24
工作流与自动化
Workflow automation covers long-running jobs, retries, and state so LLM apps stay reliable beyond single requests.
1) When You Need Workflows
- Long tasks: multi-step research, batch summarization, doc pipelines.
- Tool calls: scrape → parse → embed → answer.
- Human-in-the-loop: review or labeling steps.
2) Building Blocks
- Queue + workers: decouple ingestion and processing; control concurrency.
- Scheduler: cron-like triggers for refresh/reindex.
- State machine: explicit step states (pending/running/success/failed/needs_review).

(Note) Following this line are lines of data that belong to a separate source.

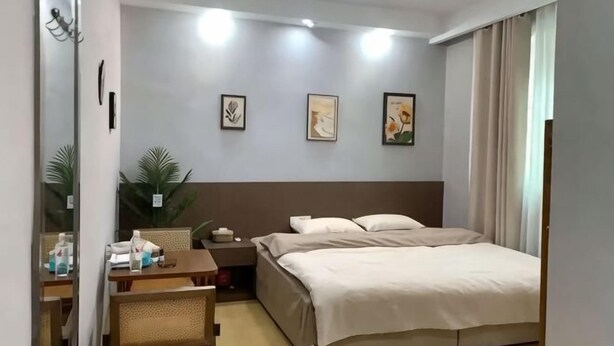A hotel room with a bed, bedside table, lamp, and wall art. - Wulong Youjia Hotel (Chongqing)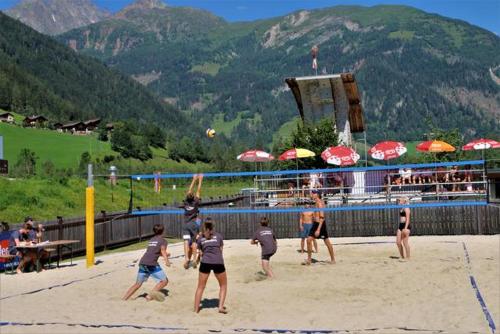 a group of people playing a game of volleyball on the beach at Apartment Haus Christina in Großkirchheim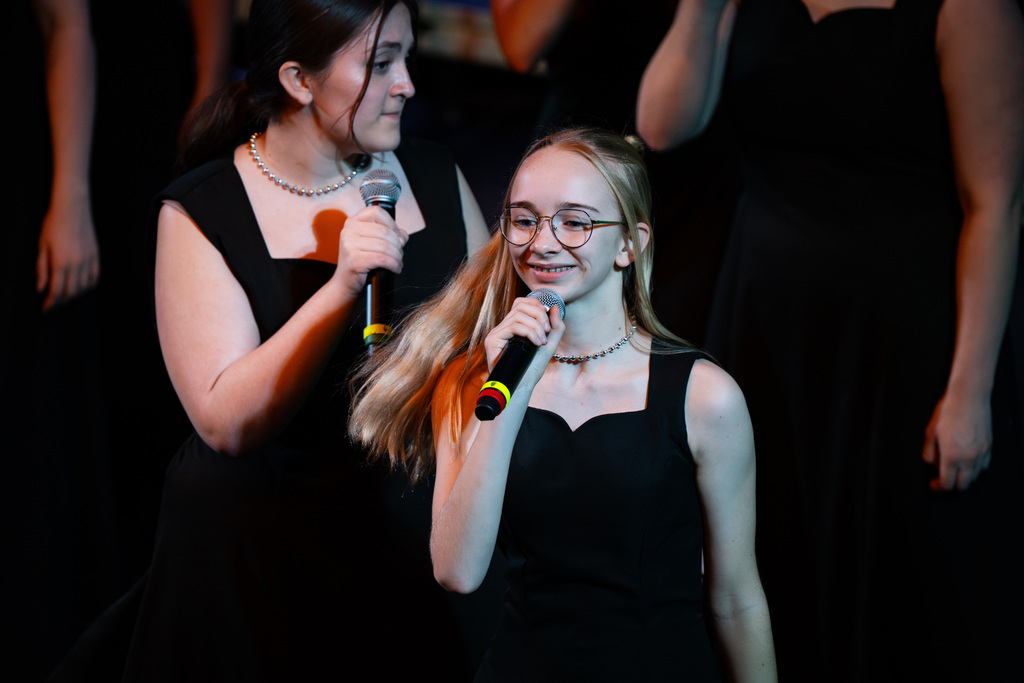 Female choir member smiling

- Idempotency: task IDs; safe to retry.
- Dead letters: capture poison messages; alert for triage.
3) Patterns for LLM Workflows
- Fan-out/fan-in: split a corpus → parallel summarize → merge.
- Map-reduce summarization: chunk -> summarize -> synthesize.
- Tool+LLM loop: detect needed tool, call tool, feed result back to LLM.
- Checkpointing: persist intermediate context for resume after failure.
4) Reliability & Timeouts
- Step timeouts per tool/LLM call; enforce global SLA.
- Retries with backoff; cap attempts; mark for human review after N failures.
- Circuit breakers: pause tool/model that flaps; route to fallback.
5) Observability
- Trace per task: task_id, steps, attempts, durations.
- Metrics: success rate, P95 per step, retries, DLQ size, queue lag.
- Alerts: queue lag high, DLQ growth, success rate drop.
6) Human-in-the-Loop (HITL)
- Surfaces: review UI for flagged tasks (low confidence, schema fail).
- Capture feedback: corrections feed back to models/prompts/evals.
- Prioritize: SLA tiers; important tasks bypass queues or get higher worker count.
7) Data & Storage
- Store intermediate artifacts (parsed text, embeddings, tool outputs) with TTL if possible.
- Version data: record source doc version and processing code version.
- Clean-up jobs: expire temp data and logs per policy.
8) Minimal Checklist
- Idempotent steps + request IDs.
- Per-step timeouts + retries + DLQ.
- Metrics/alerts for lag, retries, failures.
- HITL path for low-confidence or repeated failures.